Retyped exactly and without pictures, the lines from the one with "CHRYSLER TOWN & COUNTRY TOURING photo" through the end of the listing must form the entire answer.

**DATA EXTRACT**.
=== Begin Enclosure ===

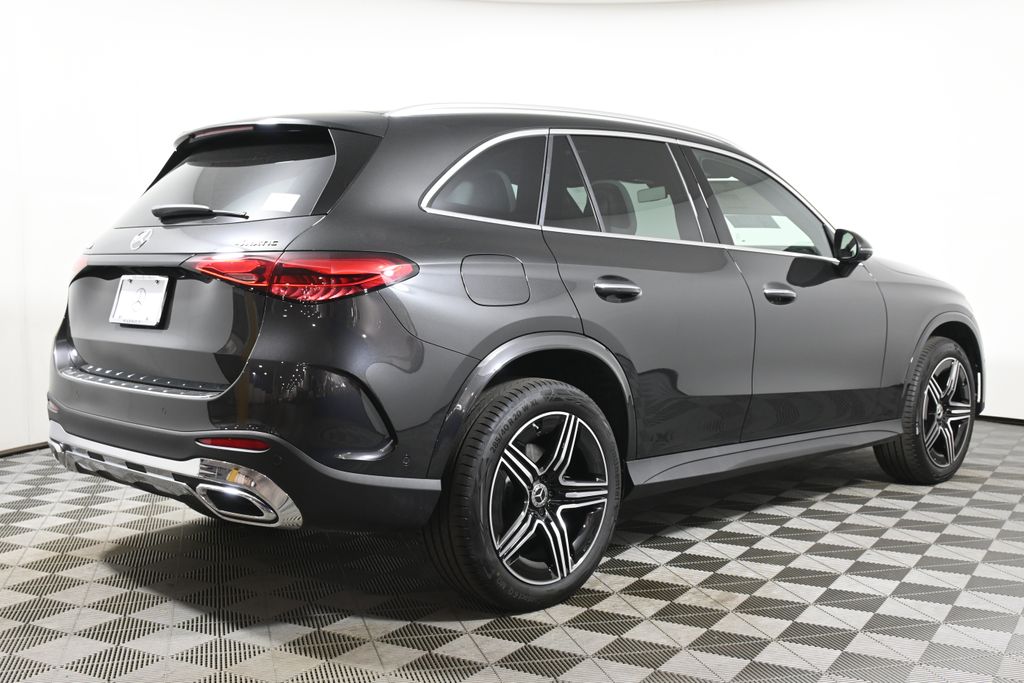 2025 Mercedes-Benz GLC 300 7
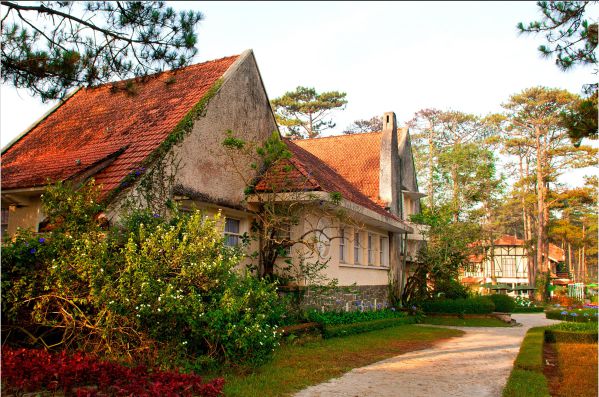 Làng villa theo phong cách kiến trúc Pháp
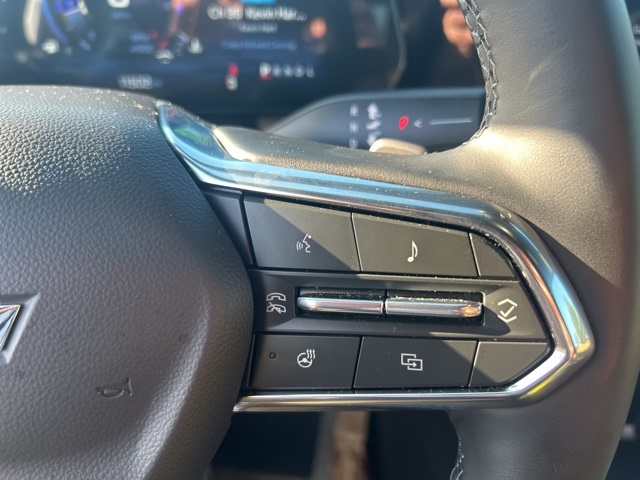 2025 Chevrolet Equinox ACTIV photo 11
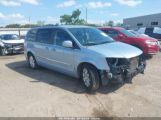 CHRYSLER TOWN & COUNTRY TOURING photo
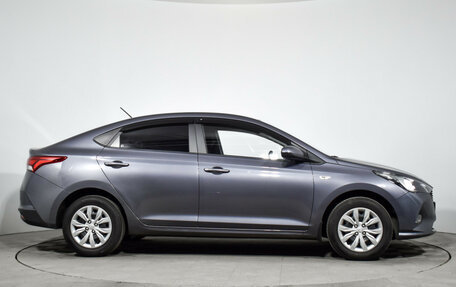 Hyundai Solaris II рестайлинг, 2021 год, 1 689 000 рублей, 4 фотография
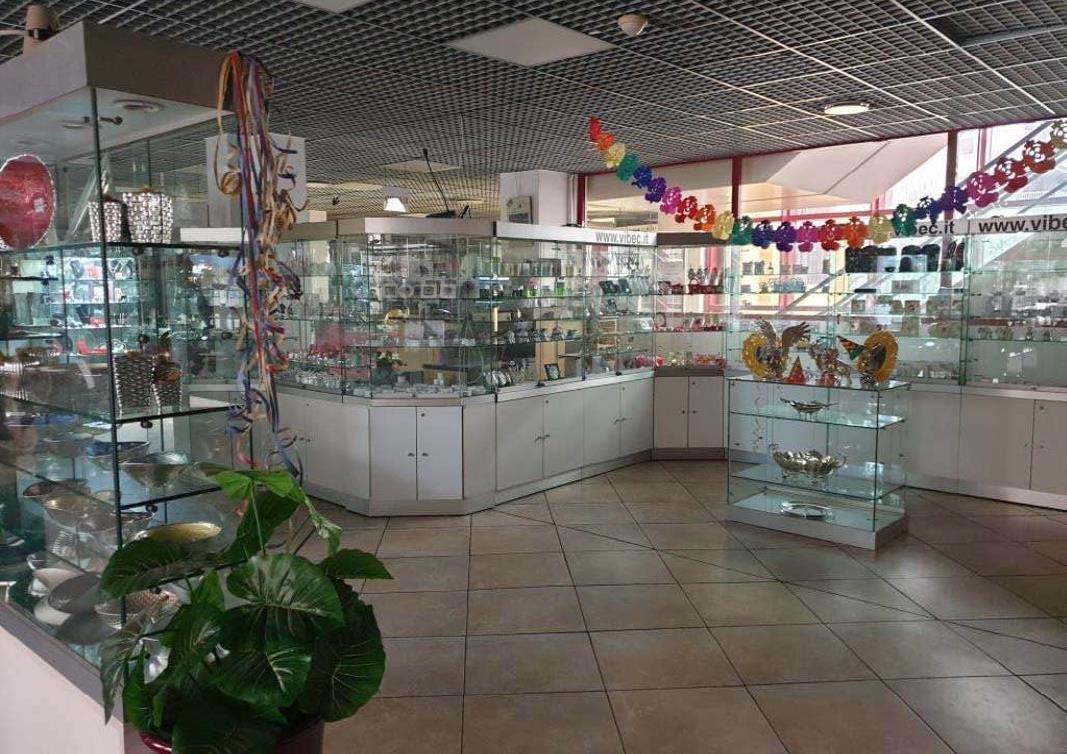 immobile attivita commerciale all'asta in via Marco d'Agrate n 33 - 20139 Milano (MI) - 4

=== End Enclosure ===

**WORKED SOLUTION**.
 CHRYSLER TOWN & COUNTRY TOURING photo
 Hyundai Solaris II рестайлинг, 2021 год, 1 689 000 рублей, 4 фотография
 immobile attivita commerciale all'asta in via Marco d'Agrate n 33 - 20139 Milano (MI) - 4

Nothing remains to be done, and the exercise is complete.